▶

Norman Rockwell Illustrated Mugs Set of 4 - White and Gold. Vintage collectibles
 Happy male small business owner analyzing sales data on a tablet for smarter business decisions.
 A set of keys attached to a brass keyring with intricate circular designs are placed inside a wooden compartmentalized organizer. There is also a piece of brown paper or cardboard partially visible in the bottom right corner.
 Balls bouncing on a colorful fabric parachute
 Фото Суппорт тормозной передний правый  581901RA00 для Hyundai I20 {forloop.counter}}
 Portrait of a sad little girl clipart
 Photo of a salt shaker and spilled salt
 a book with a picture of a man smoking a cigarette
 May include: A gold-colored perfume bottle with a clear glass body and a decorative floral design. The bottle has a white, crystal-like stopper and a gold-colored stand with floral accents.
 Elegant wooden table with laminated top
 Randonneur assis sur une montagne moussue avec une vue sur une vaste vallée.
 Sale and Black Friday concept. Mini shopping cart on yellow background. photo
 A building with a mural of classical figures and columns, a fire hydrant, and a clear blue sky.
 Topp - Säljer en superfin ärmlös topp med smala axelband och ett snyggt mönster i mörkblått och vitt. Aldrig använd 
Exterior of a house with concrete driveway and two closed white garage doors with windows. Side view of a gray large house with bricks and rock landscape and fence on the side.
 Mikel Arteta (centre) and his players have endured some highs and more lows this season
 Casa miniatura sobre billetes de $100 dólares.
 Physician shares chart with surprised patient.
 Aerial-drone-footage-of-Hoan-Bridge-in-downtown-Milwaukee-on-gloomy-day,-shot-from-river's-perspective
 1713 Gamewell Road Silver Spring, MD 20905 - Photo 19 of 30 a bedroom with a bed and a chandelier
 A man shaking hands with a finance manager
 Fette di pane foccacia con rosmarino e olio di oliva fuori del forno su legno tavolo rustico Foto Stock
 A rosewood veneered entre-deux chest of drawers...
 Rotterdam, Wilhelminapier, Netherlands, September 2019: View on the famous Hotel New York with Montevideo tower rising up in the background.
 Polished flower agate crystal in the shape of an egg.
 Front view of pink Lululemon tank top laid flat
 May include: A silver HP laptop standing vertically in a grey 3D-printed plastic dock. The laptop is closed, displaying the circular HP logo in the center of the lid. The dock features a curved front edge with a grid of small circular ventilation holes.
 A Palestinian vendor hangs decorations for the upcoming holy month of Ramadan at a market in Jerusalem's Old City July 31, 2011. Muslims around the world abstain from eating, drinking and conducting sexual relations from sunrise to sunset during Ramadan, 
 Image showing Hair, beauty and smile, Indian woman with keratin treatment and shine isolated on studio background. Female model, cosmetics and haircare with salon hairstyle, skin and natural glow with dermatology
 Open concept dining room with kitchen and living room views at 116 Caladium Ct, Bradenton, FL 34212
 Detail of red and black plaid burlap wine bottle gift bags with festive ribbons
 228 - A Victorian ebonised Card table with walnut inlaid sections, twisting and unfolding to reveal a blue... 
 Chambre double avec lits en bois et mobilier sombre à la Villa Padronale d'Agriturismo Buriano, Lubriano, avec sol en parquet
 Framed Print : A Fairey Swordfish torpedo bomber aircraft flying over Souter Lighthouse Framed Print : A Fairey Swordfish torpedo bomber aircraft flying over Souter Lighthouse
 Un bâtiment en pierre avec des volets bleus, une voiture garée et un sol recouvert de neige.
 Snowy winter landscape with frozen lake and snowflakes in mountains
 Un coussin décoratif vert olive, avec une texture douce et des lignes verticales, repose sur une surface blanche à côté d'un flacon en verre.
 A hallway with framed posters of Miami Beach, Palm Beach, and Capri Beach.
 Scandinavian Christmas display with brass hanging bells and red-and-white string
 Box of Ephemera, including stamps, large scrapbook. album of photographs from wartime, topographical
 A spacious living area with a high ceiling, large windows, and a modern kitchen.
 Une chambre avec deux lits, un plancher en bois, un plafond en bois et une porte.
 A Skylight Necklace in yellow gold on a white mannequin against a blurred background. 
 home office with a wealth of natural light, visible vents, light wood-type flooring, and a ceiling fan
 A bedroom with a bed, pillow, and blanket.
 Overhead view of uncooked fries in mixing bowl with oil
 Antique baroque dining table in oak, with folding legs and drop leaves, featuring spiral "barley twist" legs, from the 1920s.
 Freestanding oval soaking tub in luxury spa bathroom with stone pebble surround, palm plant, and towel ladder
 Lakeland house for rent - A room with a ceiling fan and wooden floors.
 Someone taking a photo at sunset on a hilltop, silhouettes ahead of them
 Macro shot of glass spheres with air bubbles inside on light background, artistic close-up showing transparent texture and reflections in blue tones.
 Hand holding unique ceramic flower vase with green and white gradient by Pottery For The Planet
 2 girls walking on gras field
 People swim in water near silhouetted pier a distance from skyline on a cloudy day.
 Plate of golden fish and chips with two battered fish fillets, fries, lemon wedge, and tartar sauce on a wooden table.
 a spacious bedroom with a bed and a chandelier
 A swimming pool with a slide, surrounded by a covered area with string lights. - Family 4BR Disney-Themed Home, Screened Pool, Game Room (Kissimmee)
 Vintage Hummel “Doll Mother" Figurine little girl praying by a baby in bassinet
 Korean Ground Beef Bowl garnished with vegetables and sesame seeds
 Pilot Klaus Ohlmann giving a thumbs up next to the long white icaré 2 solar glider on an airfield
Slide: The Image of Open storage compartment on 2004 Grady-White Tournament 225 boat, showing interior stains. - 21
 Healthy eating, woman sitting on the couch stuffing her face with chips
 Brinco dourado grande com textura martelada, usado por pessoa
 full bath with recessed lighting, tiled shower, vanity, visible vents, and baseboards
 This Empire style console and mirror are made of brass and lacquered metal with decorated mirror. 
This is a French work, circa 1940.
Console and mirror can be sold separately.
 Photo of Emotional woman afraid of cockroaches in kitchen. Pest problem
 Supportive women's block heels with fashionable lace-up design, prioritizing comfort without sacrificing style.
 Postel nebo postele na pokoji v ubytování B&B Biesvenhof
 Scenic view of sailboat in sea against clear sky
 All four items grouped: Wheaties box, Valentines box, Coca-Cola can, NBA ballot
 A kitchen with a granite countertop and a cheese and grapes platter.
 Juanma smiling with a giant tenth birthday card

◀

(Task brief): Search the material for the string "mirror" and return each line that has it.

(Exercise response):
 This Empire style console and mirror are made of brass and lacquered metal with decorated mirror. 
Console and mirror can be sold separately.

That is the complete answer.